In real life they’re messy, scary and much more dangerous than the cinema screen depicts them. If you’ve ever been in a fight it probably amounted to a huge surge of adrenalin and fear and two or three hits before it was all over, and for good reason – biologically just one or two well-aimed blows can result in broken jaws, noses, teeth or brain damage.

But that’s why fights are so cool in movies, the one place we can depict ourselves with the abilities and attributes we wish we had. Whether it’s the human ballet of Bruce Lee or Jackie Chan or the bloodthirsty, nasty scrapes in Bitchslap, the silver screen renders hand-to-hand combatants near-indestructible, and we love every minute of it.

Is it a way of exorcising our real-world frustrations in relative safety, or is a well-timed haymaker just a satisfying way to see the bad guy get his comeuppance?
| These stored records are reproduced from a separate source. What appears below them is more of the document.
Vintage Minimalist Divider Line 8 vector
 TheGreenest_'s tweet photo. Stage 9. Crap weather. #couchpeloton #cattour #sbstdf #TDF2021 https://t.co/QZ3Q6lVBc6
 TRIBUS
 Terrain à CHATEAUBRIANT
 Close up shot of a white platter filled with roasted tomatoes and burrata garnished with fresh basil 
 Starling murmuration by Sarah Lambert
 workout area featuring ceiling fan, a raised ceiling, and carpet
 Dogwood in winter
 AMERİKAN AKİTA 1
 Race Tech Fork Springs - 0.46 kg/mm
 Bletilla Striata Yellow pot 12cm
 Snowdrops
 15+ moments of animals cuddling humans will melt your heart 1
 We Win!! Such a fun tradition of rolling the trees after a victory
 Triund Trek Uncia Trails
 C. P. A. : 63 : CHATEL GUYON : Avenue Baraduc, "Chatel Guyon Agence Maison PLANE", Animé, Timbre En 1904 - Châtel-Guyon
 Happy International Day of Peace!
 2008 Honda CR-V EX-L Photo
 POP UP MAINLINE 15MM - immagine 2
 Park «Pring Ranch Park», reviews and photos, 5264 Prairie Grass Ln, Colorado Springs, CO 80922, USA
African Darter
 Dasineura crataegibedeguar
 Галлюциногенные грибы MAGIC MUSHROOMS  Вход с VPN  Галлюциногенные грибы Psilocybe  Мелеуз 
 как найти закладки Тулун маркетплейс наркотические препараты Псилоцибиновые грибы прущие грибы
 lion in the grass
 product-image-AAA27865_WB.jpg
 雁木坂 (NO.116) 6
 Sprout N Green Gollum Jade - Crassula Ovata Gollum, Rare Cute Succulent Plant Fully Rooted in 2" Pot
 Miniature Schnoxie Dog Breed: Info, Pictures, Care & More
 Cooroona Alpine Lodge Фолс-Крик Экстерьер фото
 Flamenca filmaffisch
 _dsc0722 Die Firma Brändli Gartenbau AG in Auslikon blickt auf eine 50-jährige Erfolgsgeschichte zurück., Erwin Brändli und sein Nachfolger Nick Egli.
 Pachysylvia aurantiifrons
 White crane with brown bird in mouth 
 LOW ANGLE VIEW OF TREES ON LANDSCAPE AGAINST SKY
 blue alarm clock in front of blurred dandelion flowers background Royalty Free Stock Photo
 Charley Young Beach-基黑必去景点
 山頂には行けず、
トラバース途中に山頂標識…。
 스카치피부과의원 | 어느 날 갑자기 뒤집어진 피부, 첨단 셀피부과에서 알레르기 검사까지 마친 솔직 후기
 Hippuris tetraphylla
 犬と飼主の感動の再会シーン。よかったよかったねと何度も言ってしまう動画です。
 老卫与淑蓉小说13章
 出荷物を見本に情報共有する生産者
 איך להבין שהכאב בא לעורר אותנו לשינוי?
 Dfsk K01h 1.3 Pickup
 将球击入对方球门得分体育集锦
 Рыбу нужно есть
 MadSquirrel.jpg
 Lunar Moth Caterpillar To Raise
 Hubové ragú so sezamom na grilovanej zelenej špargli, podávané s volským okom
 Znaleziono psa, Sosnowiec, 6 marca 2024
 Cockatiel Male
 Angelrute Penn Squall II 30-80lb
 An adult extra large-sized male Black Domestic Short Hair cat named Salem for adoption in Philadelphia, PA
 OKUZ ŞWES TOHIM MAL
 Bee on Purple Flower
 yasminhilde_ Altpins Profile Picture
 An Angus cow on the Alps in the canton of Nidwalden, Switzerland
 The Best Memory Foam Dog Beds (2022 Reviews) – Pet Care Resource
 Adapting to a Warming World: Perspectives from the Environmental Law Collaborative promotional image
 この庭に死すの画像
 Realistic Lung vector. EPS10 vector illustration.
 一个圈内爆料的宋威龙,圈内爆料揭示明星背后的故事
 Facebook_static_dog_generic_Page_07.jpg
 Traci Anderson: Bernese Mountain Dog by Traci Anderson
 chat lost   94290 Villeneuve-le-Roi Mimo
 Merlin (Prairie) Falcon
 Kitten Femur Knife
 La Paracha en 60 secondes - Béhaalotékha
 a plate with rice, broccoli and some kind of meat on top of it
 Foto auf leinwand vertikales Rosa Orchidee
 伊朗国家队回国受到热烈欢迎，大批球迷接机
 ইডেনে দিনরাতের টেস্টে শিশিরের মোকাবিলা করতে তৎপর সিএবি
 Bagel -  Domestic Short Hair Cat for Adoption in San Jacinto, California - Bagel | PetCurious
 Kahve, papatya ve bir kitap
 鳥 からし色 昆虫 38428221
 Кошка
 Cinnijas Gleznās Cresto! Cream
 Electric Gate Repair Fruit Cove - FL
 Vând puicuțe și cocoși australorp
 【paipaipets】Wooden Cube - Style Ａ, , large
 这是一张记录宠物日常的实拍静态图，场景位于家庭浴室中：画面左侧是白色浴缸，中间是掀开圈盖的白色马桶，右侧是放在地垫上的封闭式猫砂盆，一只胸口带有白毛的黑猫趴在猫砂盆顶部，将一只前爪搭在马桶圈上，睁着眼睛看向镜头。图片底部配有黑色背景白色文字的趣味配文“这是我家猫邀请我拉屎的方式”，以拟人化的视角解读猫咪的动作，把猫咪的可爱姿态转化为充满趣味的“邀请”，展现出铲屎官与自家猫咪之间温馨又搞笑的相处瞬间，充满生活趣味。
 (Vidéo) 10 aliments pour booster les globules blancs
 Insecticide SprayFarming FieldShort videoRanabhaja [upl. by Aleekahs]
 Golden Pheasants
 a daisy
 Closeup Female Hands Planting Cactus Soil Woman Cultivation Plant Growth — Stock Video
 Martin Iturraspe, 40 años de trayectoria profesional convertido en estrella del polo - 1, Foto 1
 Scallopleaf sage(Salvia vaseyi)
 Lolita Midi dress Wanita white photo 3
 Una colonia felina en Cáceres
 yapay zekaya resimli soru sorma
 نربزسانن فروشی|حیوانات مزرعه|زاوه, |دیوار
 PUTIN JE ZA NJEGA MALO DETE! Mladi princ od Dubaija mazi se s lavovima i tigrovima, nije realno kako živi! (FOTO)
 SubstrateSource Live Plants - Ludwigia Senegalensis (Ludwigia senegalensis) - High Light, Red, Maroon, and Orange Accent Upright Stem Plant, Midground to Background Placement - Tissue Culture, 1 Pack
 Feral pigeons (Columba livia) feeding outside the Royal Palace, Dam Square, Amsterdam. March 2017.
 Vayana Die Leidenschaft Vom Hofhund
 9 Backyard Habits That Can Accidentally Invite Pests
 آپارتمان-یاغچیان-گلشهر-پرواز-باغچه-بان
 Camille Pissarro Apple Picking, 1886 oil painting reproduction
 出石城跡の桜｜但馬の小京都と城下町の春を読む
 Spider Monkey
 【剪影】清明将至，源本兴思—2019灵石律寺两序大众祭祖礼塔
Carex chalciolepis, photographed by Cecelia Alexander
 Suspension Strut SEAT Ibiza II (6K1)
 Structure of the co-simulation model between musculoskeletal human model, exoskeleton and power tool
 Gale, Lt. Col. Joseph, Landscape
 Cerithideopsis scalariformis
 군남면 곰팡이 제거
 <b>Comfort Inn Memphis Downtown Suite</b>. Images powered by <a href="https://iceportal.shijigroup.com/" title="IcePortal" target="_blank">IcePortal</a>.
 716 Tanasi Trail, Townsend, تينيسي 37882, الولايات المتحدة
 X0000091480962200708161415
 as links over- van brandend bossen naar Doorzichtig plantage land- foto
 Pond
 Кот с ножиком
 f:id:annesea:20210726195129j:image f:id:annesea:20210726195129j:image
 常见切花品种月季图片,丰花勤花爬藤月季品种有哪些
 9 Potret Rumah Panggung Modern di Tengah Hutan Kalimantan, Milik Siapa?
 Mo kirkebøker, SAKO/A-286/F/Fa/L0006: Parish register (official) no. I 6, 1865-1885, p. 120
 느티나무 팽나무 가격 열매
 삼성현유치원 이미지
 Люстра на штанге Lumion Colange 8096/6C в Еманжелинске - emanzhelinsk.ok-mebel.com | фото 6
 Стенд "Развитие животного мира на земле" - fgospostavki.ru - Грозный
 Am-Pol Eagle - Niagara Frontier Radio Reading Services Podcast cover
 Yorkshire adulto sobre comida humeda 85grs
While you’re paging Dr Freud, knock yourself out with the best fights ever committed to celluloid…

1. Pit fight
Unleashed (2005)

Tony Jaa’s good but flashy. Jet Li is Bruce Lee’s natural successor (even if he has all the thesping chops of a wooden plank when the action stops), and he’s never showcased better than the pit fight in Louis Leterrier’s gangland martial arts extravaganza.

Thrown into the ring by his brutal boss/owner Bart (Bob Hoksins), Danny (Li) proceeds to get the crap kicked out of him by his opponent. The venue manager decides to amp up the action and throws three more challengers into the ring, the crowd obliging by chucking in axes, clubs, sledgehammers and spears.

Leterrier’s camera wheels around some of the most scalp-tingling fight choreography you’ve ever seen as tiny Danny decides to repel the brutal thumping – dodging, ducking and striking like a coiled cobra, dispatching his opponents with gusto.

2. Night at the Compound
Crouching Tiger, Hidden Dragon (2000)

Where does it say ancient martial artist swordsmen can’t skip across the rooves of buildings or the tops of trees in a verdant forest? Watch any fight movie with Eastern influences from the noughties and Crouching Tiger will cast a long shadow after revitalising the genre.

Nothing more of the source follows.